(Dataset entries):
----
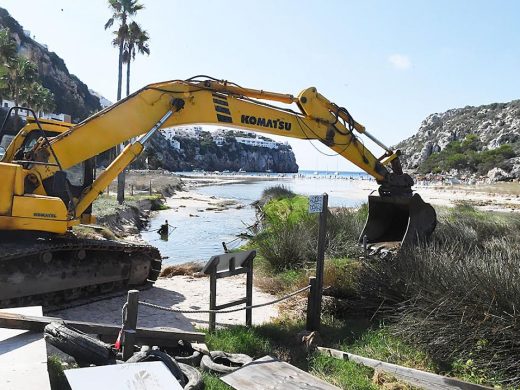 (Fotos) El Govern inicia las obras de reparación en Cala en Porter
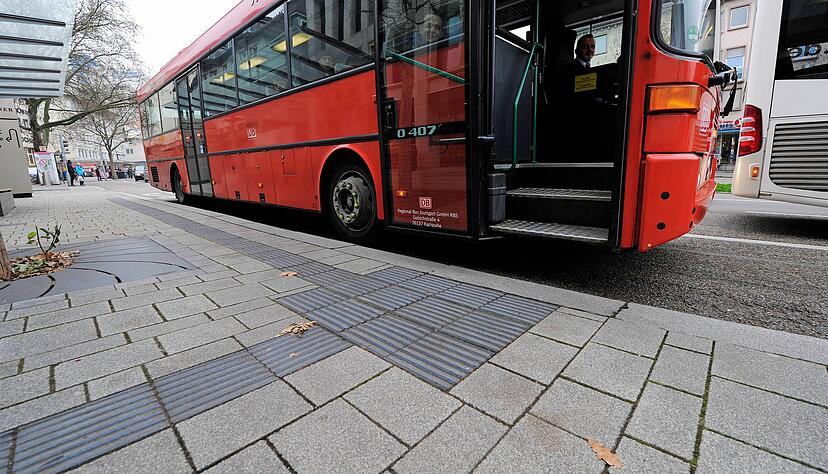 Wenn das Augenlicht nachlässt oder erlischt, ist jeder Tag eine einzige Folge von Herausforderungen. Schwierig wird dann auch das Busfahren.
Foto: Archiv/Mugler Wenn das Augenlicht nachlässt oder erlischt, ist jeder Tag eine einzige Folge von Herausforderungen. Schwierig wird dann auch das Busfahren.
Foto: Archiv/Mugler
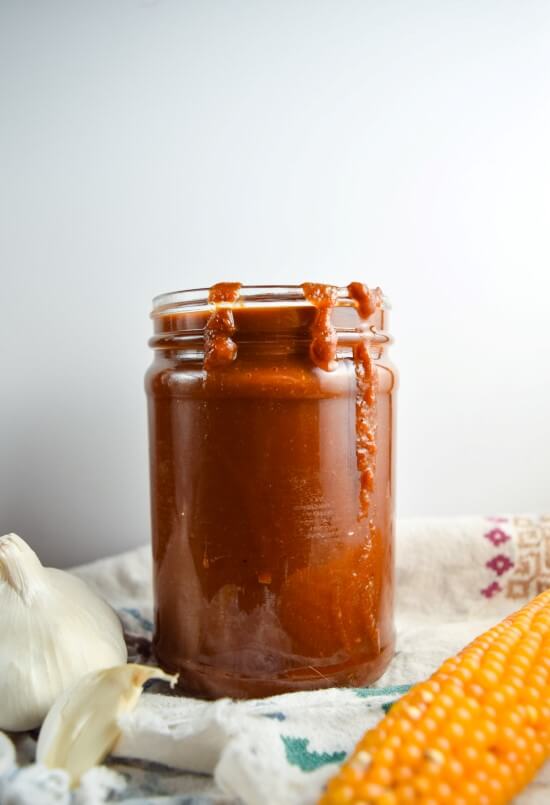 Roasted Garlic Sriracha BBQ Sauce | Yup, it's Vegan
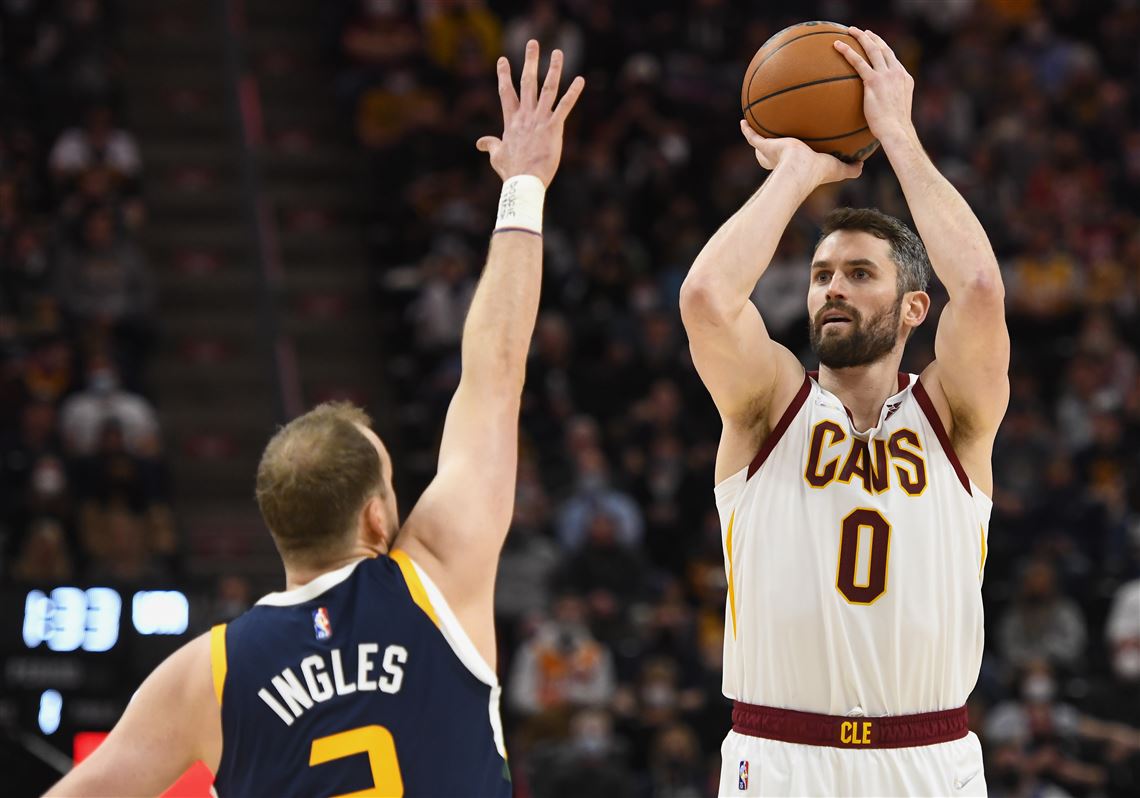 Donovan Mitchell and Kevin Love: Cavs In Conversation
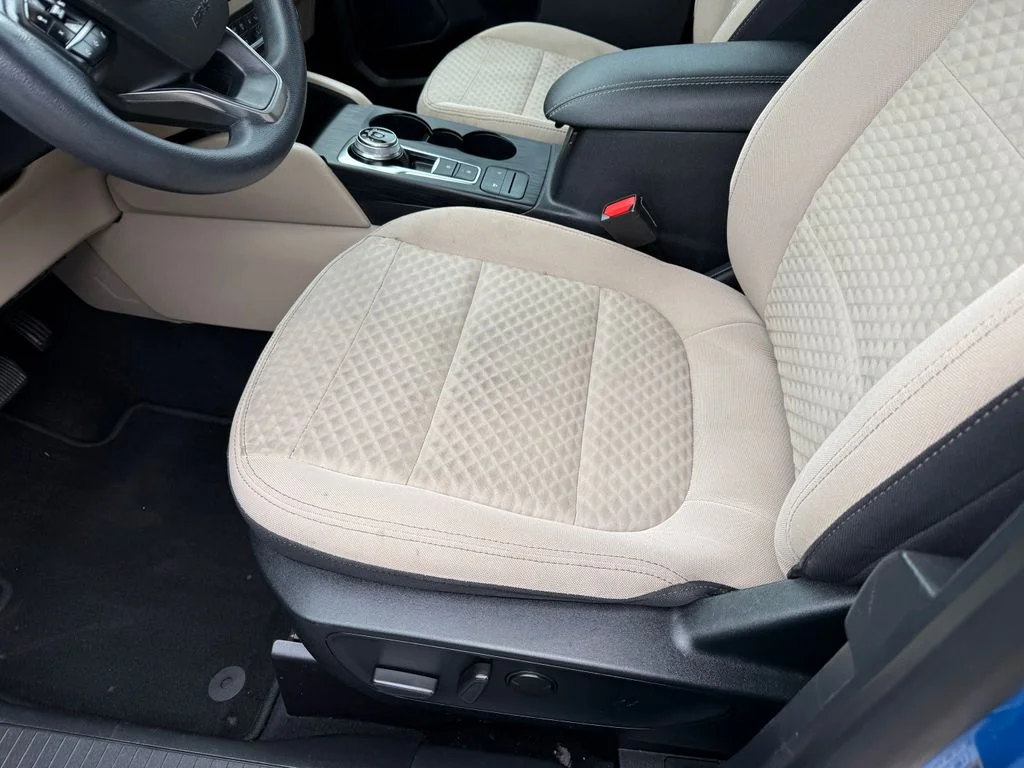 Used 2020 Blue Ford SE image 19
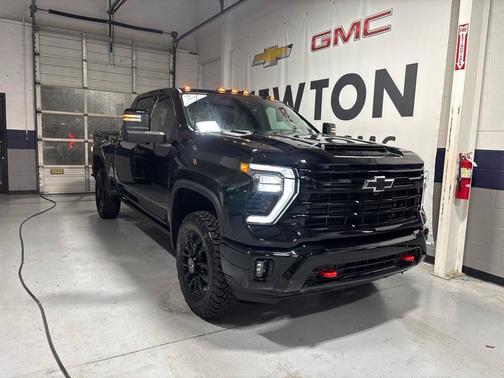 2025 Chevrolet Silverado 2500 LTZ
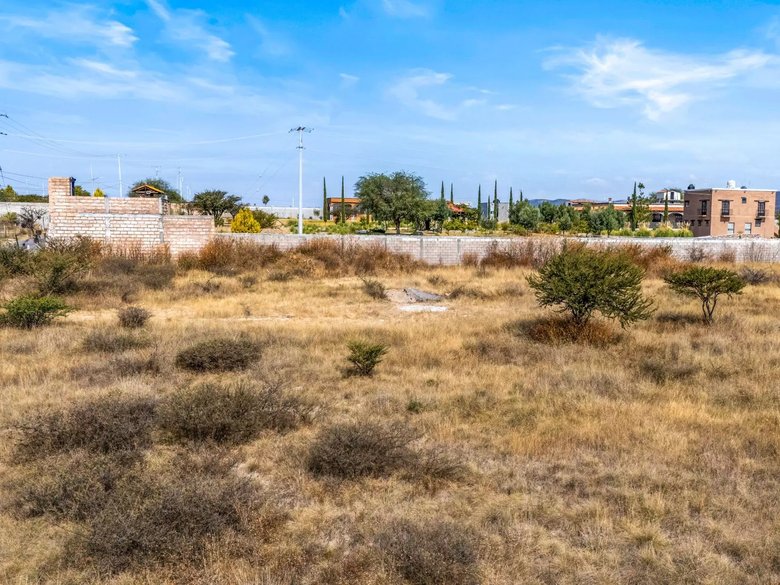 Terreno Alis — 9 photos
----
(What needs to be done):
Could you set down, exactly as written, every line from the one with "Roasted Garlic Sriracha" to the end of the data, both ends included? Leave out the pictures.

(Output):
 Roasted Garlic Sriracha BBQ Sauce | Yup, it's Vegan
 Donovan Mitchell and Kevin Love: Cavs In Conversation
 Used 2020 Blue Ford SE image 19
 2025 Chevrolet Silverado 2500 LTZ
 Terreno Alis — 9 photos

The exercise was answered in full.